**SUPPLIED RECORDS:**
····················

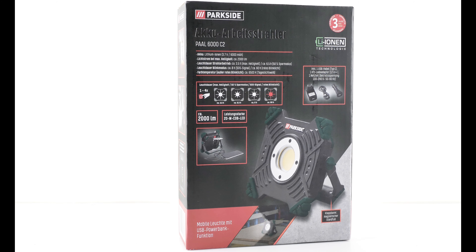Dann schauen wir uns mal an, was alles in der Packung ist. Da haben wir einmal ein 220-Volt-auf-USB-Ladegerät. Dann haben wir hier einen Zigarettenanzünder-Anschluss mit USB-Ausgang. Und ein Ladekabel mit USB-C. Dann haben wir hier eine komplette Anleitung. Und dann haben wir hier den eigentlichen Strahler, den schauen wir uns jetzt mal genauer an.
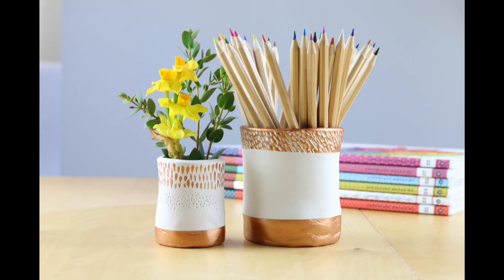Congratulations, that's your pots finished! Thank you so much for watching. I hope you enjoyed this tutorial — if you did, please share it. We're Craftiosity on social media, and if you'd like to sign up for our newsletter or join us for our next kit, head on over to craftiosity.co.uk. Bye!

····················

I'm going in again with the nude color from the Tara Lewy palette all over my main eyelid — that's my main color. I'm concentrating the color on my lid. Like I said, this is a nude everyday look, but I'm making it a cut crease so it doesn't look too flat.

····················

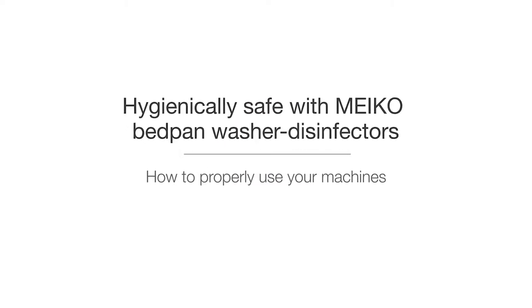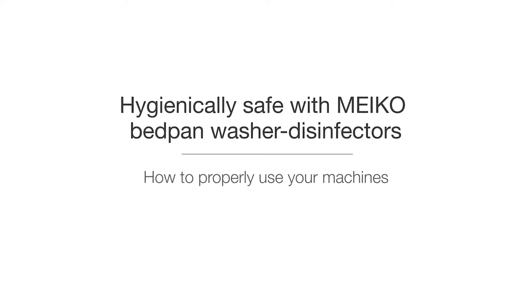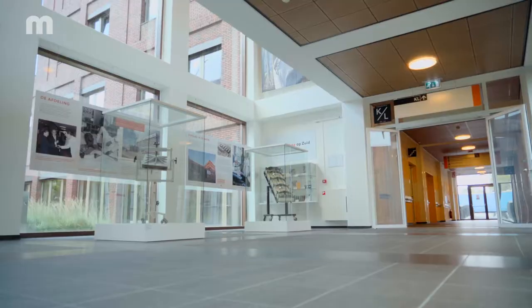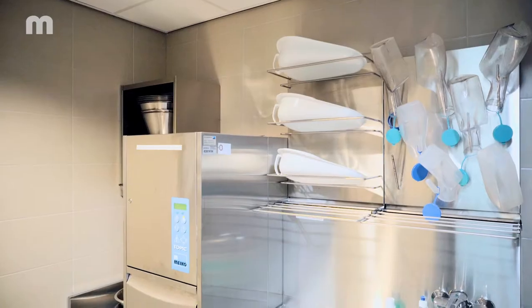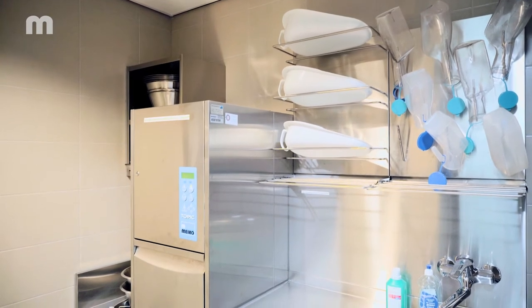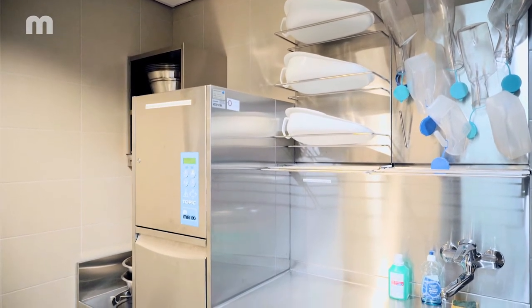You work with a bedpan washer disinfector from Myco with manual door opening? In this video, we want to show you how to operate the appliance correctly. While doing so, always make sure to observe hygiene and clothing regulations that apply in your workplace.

····················

**TASK ITEM:**
Taking the entries above, extract every line from the one bearing "Dann schauen wir" through the one bearing "Congratulations, that's your", exactly, with no pictures.

**ANSWER:**
Dann schauen wir uns mal an, was alles in der Packung ist. Da haben wir einmal ein 220-Volt-auf-USB-Ladegerät. Dann haben wir hier einen Zigarettenanzünder-Anschluss mit USB-Ausgang. Und ein Ladekabel mit USB-C. Dann haben wir hier eine komplette Anleitung. Und dann haben wir hier den eigentlichen Strahler, den schauen wir uns jetzt mal genauer an.
Congratulations, that's your pots finished! Thank you so much for watching. I hope you enjoyed this tutorial — if you did, please share it. We're Craftiosity on social media, and if you'd like to sign up for our newsletter or join us for our next kit, head on over to craftiosity.co.uk. Bye!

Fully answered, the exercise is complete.